Dr. Laura Chávez-Moreno is an award-winning scholar, qualitative social scientist, and assistant professor in the Departments of Chicana/o & 
Central American Studies and Education at the University of California, Los Angeles. Dr. Chávez-Moreno works at the intersections of education, pedagogy, language, literacy, and ethnic studies, particularly Chicanx/Latinx Studies. Her research has been published in top-tier academic journals and recognized with prestigious awards from organizations such as the American Educational Research Association​, the Critical Race Studies in Education Association​, and the National Academy of Education/Spencer Foundation. In 2023, she received the Alan C. Purves Award from the National Council of Teachers of English for her article, “The continuum of racial literacies: Teacher practices countering whitestream bilingual education,” published in Research in the Teaching of English. This annual award honors the article deemed most significant in advancing the field.

Dr. Chávez-Moreno’s book, How Schools Make Race: Teaching Latinx Racialization in America, published by Harvard Education Press, won the 2025 American Association of Hispanics in Higher Education Early Career Book of the Year Award and a 2025 American Educational Studies Association Critics’ Choice Book Award.

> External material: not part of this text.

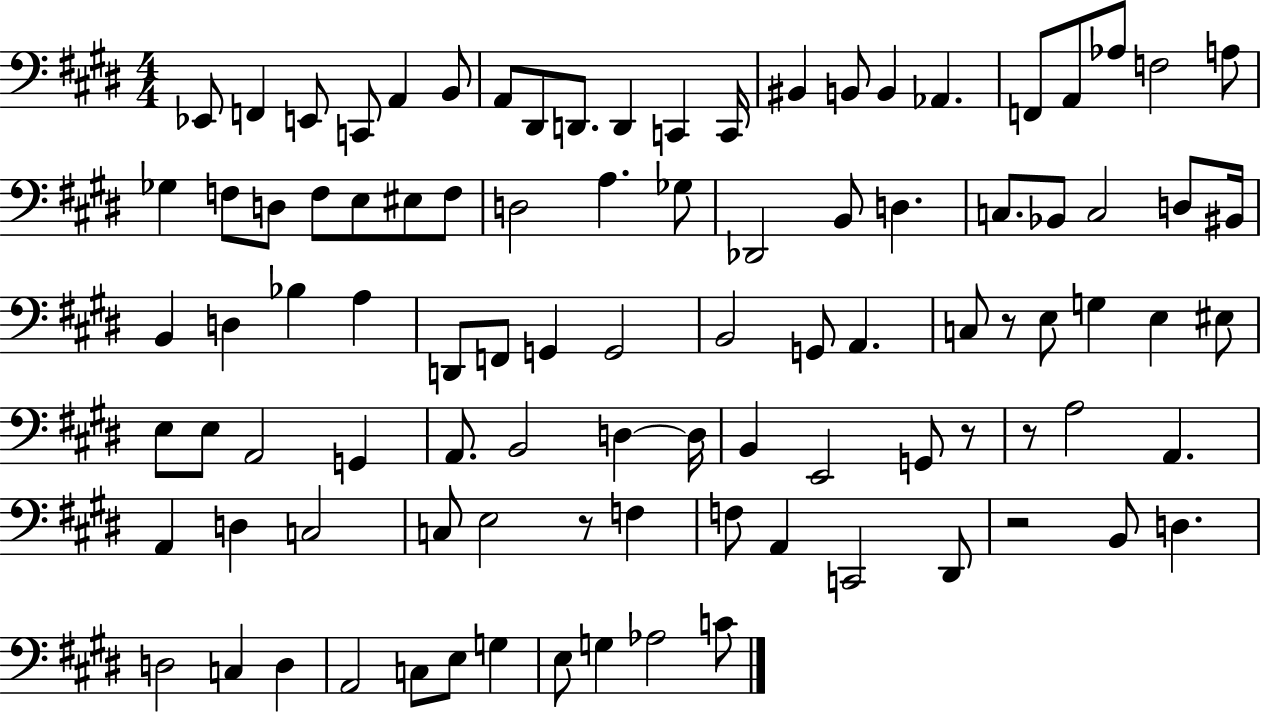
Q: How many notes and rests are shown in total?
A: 96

The book also has been featured on many podcasts and in popular media, including Forbes, Ms. Magazine, and Latinx Talk. Read more about Dr. Chávez-Moreno.

About This Year's Series

The theme of this year's series is Punishment and Education. Schools and other educational spaces rely on myriad modes of punishment to establish restrictive institutional cultures and deter individual and collective acts of resistance. As the stakes for noncompliance intensify under increasingly authoritarian state legislatures, university boards of directors, and federal agencies, how can we make sense of—and perhaps push back against—the evolving landscape of punishment in K-12 schools and higher education?